That’s where media literacy comes in, how it’s a tool that our generation uses to decipher what’s right and what’s wrong. That’s another thing that college is teaching now that they didn’t teach ten years ago.
Yes. Oh no, when I was walking up to this office, I saw a sign that said, “Decolonizing Wikipedia.” I’m like, that’s amazing. I feel like such an old person saying things like that, but I’m like, “Oh my gosh, this is so cool.” I want to go to all these classes now, but I don’t have time for it now, so I have to do my own research on the side. But I see all this stuff and I’m like, “This is so cool.”
We’re more self-aware of our surroundings now, especially now with I feel like more people of color coming into universities and realizing that they’re white establishments that need to change. I feel like there’s a wave going on within academia from its students that are acknowledging these kinds of things.

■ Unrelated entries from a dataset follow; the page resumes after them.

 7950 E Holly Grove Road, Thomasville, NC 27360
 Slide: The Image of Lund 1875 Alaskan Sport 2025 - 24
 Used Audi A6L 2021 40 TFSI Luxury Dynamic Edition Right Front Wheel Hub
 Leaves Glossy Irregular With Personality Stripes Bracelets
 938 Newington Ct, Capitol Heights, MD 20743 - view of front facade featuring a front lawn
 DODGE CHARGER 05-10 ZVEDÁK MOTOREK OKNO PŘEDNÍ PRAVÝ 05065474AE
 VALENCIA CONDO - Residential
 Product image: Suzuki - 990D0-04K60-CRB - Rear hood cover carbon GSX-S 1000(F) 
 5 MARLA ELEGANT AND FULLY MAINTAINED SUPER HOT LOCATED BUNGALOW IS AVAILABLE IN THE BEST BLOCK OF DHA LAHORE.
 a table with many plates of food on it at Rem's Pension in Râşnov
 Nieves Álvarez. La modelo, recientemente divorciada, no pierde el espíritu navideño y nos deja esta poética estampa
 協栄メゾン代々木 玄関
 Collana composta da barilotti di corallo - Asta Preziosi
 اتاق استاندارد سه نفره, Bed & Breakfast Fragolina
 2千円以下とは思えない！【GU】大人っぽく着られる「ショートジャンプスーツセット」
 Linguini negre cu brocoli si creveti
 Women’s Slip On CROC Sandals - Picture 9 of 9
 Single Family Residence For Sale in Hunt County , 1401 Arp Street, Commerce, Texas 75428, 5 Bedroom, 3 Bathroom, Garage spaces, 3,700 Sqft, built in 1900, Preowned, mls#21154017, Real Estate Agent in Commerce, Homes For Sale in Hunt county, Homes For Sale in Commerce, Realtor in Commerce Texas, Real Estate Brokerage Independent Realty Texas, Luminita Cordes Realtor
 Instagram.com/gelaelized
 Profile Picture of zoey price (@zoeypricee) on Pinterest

Yes. It’s cool to see it happening at UNLV. It’s probably happening all across the United States in all institutions at some point, especially maybe with the young people demanding change. But it’s fun to see it—fun is maybe not the right word—it’s exciting to see it happening in person here at the school I went to.
Another thing is UNLV brands itself as one of the most diverse campuses in the country, but then the staff doesn’t represent that. We’re a Hispanic-serving institution and an Asia- serving institution, and yet we have all this discrepancies and things going on on campus. What we’re branding ourselves isn’t how the supportive the university is itself.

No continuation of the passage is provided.